%%

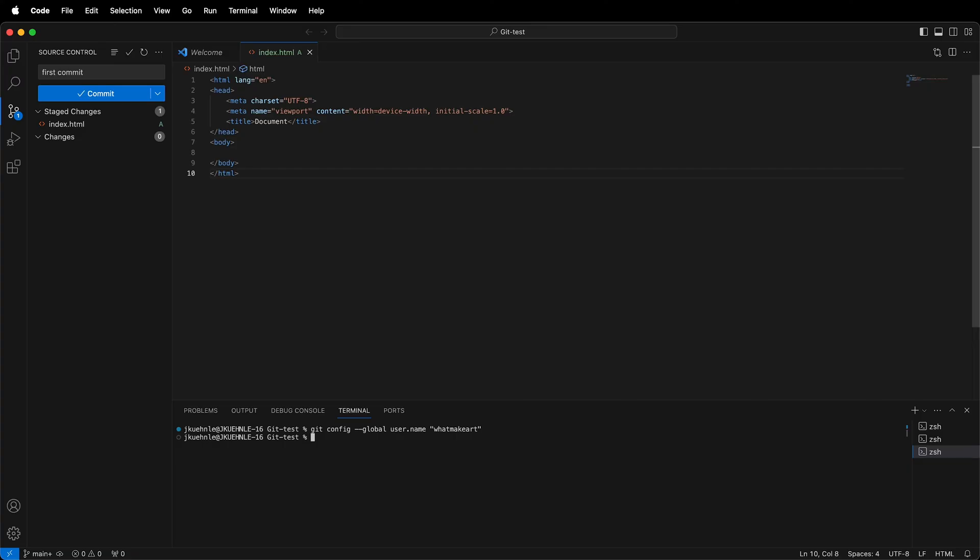Next, I need to set my email. I'll type a second command, very similar to the first.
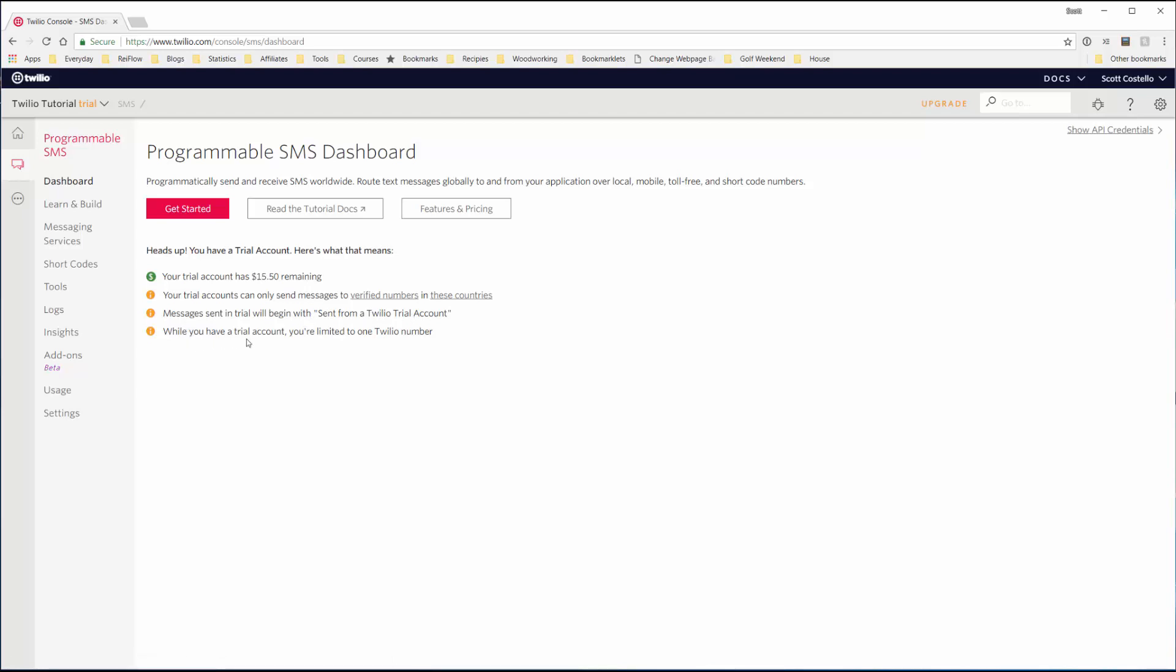While you have a trial account, you're limited to one Twilio number, which is fine, that's perfectly fine for testing all this out before you decide you want to add money to your account. You can send messages or upgrade your account to a full account, and then you'll get rid of this 'sent from Twilio trial account' message. So that's cool.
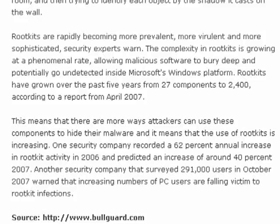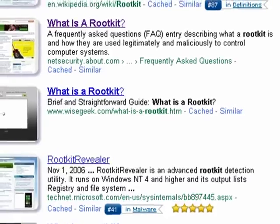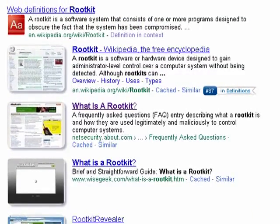A rootkit can be a legitimate program. In brief, it is a program that buries itself, hides itself in the operating system so that it's undetectable. The person in control of the rootkit can control your computer. It basically hides so that you cannot find it in Windows Explorer, you can't find it in Task Manager, you can't see it, but it's there and it can take over your computer.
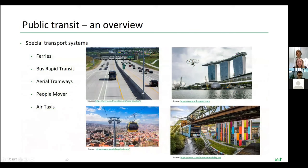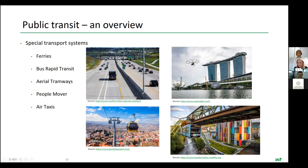Besides traditional systems there are also special transport systems: ferries, bus rapid transit lines common in the US where buses have dedicated highway lanes and operate similarly to trams, new developments with air taxis such as Volocopter testing in Singapore, gondolas as public transport in South America, and special overhead construction railways as in Wuppertal, Germany. There are multiple ways to put public transport systems into place, depending on the characteristics of the city.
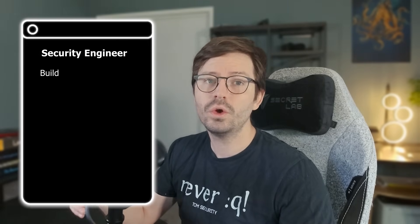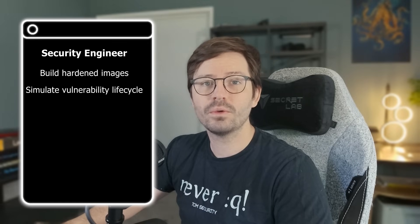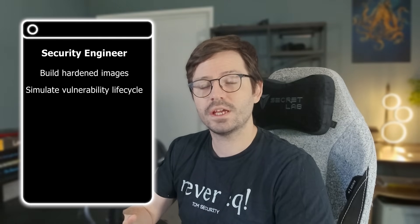Security engineers should focus on building and automating things — creating a hardened Linux image, writing Ansible playbooks for configuration management, or building a dashboard that shows asset patch status. One idea I really like is to make a lab with multiple VMs and simulate a vulnerability lifecycle: discovery, triage, patching, and validation. Creating a guide so others can recreate it will make you check your understanding of every part of that lifecycle and enable you to explain it really confidently during your interview.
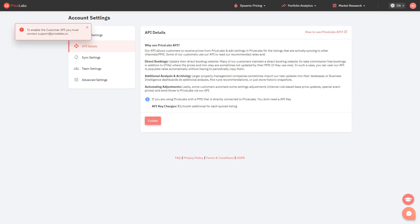This feature is available by request, so if you'd like to enable this for your account, kindly email us at support@pricelabs.co. Also, the use of our Customer API comes at an additional cost of $1 per month for each synced listing.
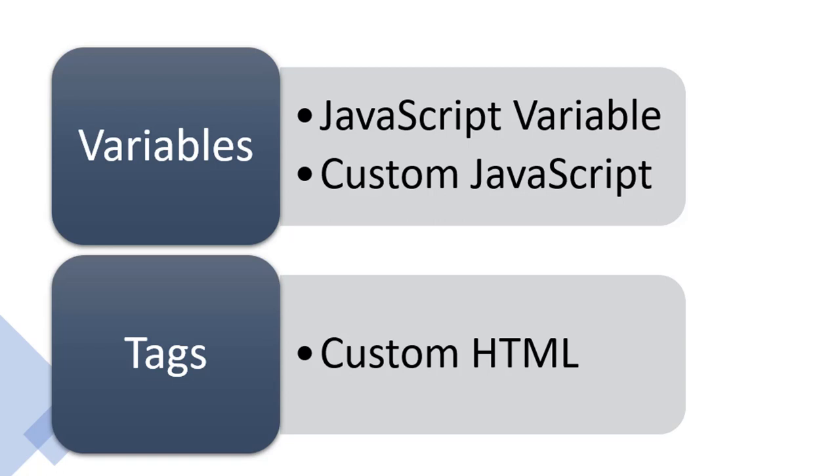Finally, you can use JavaScript in custom HTML tags. Now I'm going to go to Google Tag Manager and show you where these are in the interface.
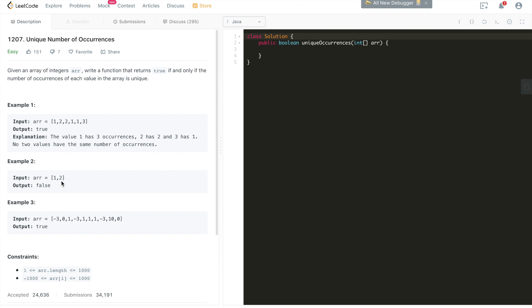Now let's look at Example 2: given the array [1, 2], the output is false. The value 1 has one occurrence and the value 2 also has one occurrence — they're not distinct, so we return false. The same logic applies for Example 3, where all values have unique occurrence counts, so we return true.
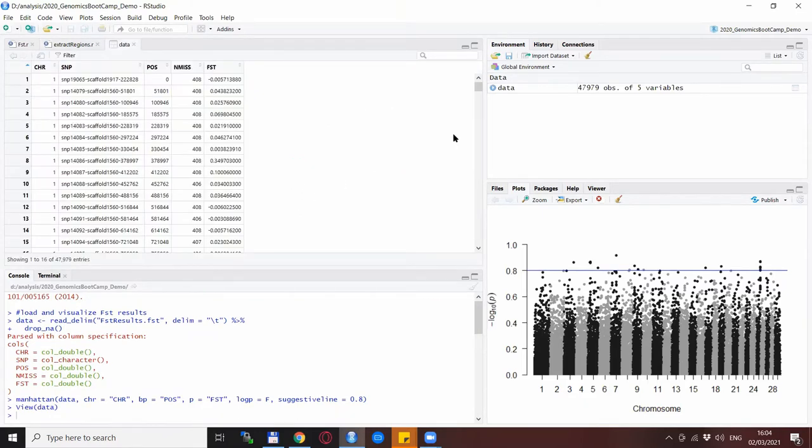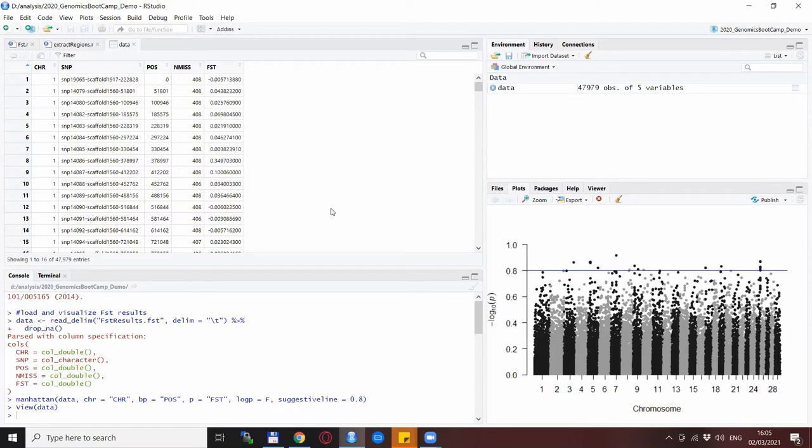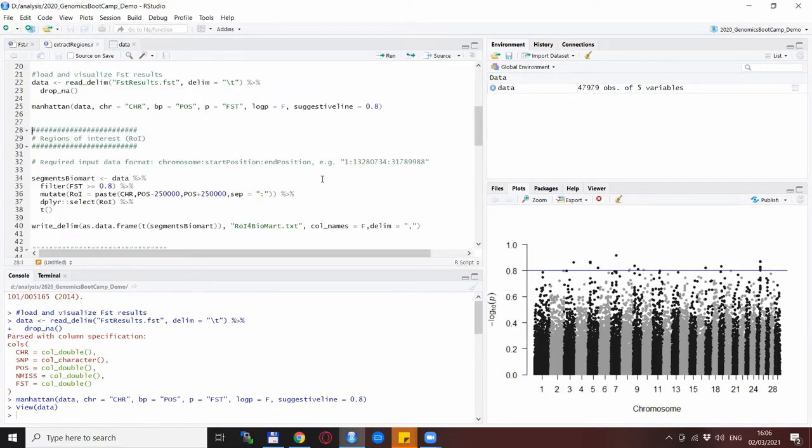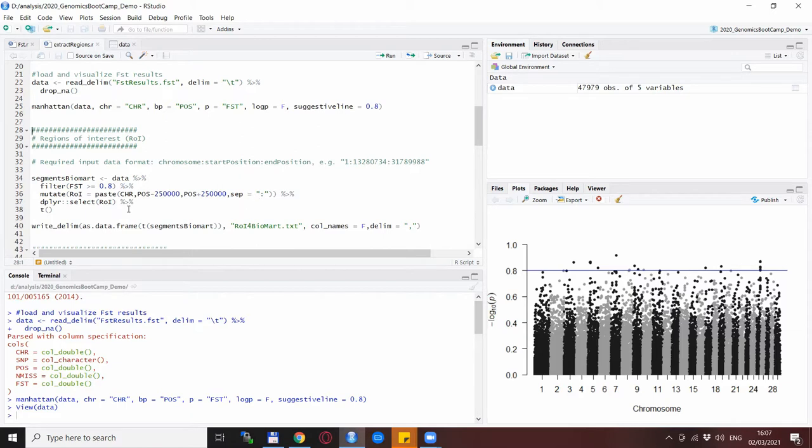This is the data file as we loaded it from the previous results so we have the chromosome but we don't have the first position and the last position for the segment we want to explore. So instead what we are doing is taking the position of the SNP which has the FST higher than 0.8 and for this region around the interesting SNPs I decided to go for plus minus 250 kilobases. So this is in bases, we need to specify it in the bases so that is 250,000 minus from the position and plus 250,000 to the position of the SNP of interest separated by columns and keeping just this one line as the future input for the Biomart software.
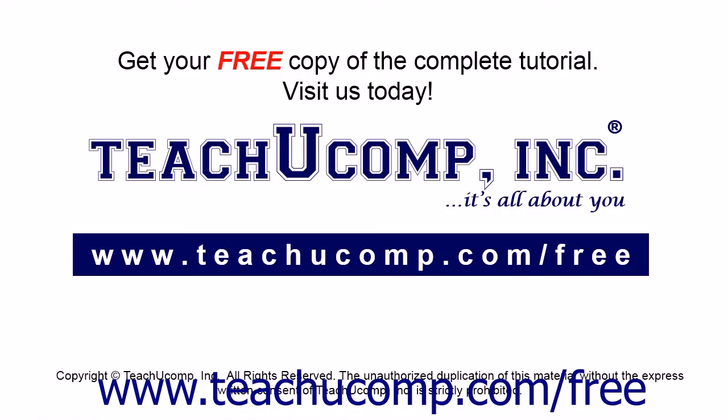Get your free copy of the complete tutorial at www.teachucomp.com/free.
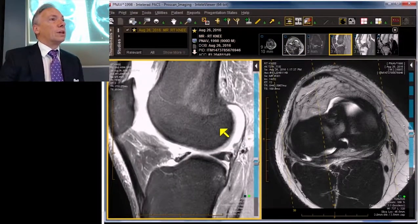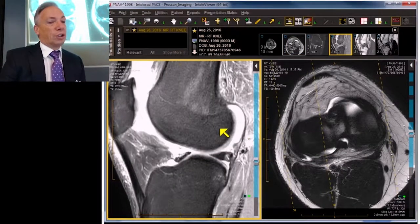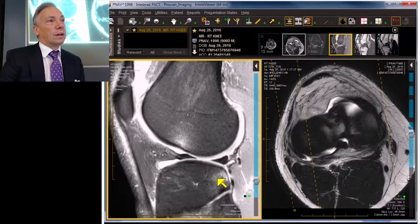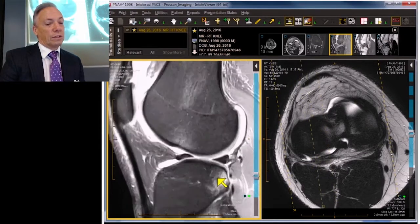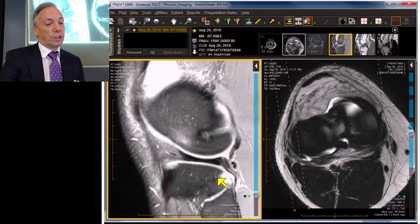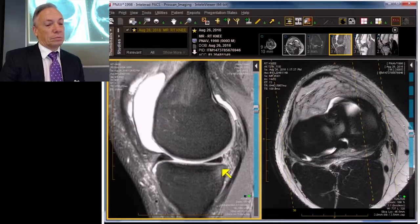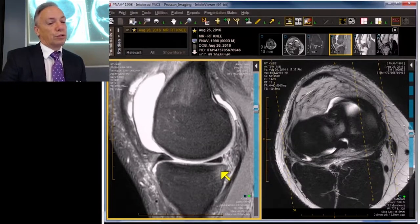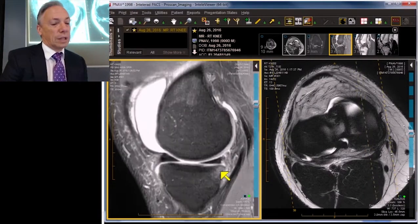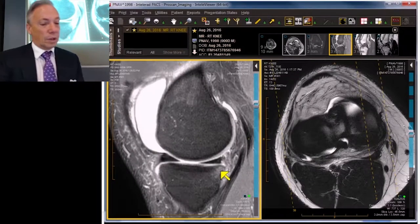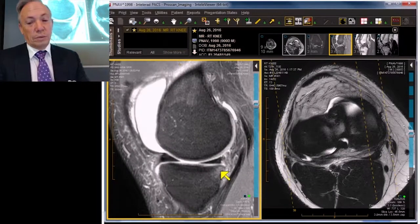Let's go to the sagittal projection. We've already established there's a major pivot shift with an ACL tear. There's the typical pivot shift bone injury of the tibia as well as the femur, and you've got the same bone injury in the posterior medial tibia.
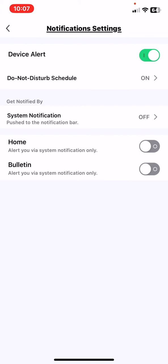At the Get Notified By section, click on the System Notification button.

%%

◆ **WHAT NEEDS TO BE DONE**: For every entry above, please output the text exactly and leave any picture behind.

◆ **THE ANSWER**:
Next, I need to set my email. I'll type a second command, very similar to the first.
While you have a trial account, you're limited to one Twilio number, which is fine, that's perfectly fine for testing all this out before you decide you want to add money to your account. You can send messages or upgrade your account to a full account, and then you'll get rid of this 'sent from Twilio trial account' message. So that's cool.
A rootkit can be a legitimate program. In brief, it is a program that buries itself, hides itself in the operating system so that it's undetectable. The person in control of the rootkit can control your computer. It basically hides so that you cannot find it in Windows Explorer, you can't find it in Task Manager, you can't see it, but it's there and it can take over your computer.
Besides traditional systems there are also special transport systems: ferries, bus rapid transit lines common in the US where buses have dedicated highway lanes and operate similarly to trams, new developments with air taxis such as Volocopter testing in Singapore, gondolas as public transport in South America, and special overhead construction railways as in Wuppertal, Germany. There are multiple ways to put public transport systems into place, depending on the characteristics of the city.
Security engineers should focus on building and automating things — creating a hardened Linux image, writing Ansible playbooks for configuration management, or building a dashboard that shows asset patch status. One idea I really like is to make a lab with multiple VMs and simulate a vulnerability lifecycle: discovery, triage, patching, and validation. Creating a guide so others can recreate it will make you check your understanding of every part of that lifecycle and enable you to explain it really confidently during your interview.
This feature is available by request, so if you'd like to enable this for your account, kindly email us at support@pricelabs.co. Also, the use of our Customer API comes at an additional cost of $1 per month for each synced listing.
Finally, you can use JavaScript in custom HTML tags. Now I'm going to go to Google Tag Manager and show you where these are in the interface.
Now let's look at Example 2: given the array [1, 2], the output is false. The value 1 has one occurrence and the value 2 also has one occurrence — they're not distinct, so we return false. The same logic applies for Example 3, where all values have unique occurrence counts, so we return true.
This is the data file as we loaded it from the previous results so we have the chromosome but we don't have the first position and the last position for the segment we want to explore. So instead what we are doing is taking the position of the SNP which has the FST higher than 0.8 and for this region around the interesting SNPs I decided to go for plus minus 250 kilobases. So this is in bases, we need to specify it in the bases so that is 250,000 minus from the position and plus 250,000 to the position of the SNP of interest separated by columns and keeping just this one line as the future input for the Biomart software.
Get your free copy of the complete tutorial at www.teachucomp.com/free.
Let's go to the sagittal projection. We've already established there's a major pivot shift with an ACL tear. There's the typical pivot shift bone injury of the tibia as well as the femur, and you've got the same bone injury in the posterior medial tibia.
At the Get Notified By section, click on the System Notification button.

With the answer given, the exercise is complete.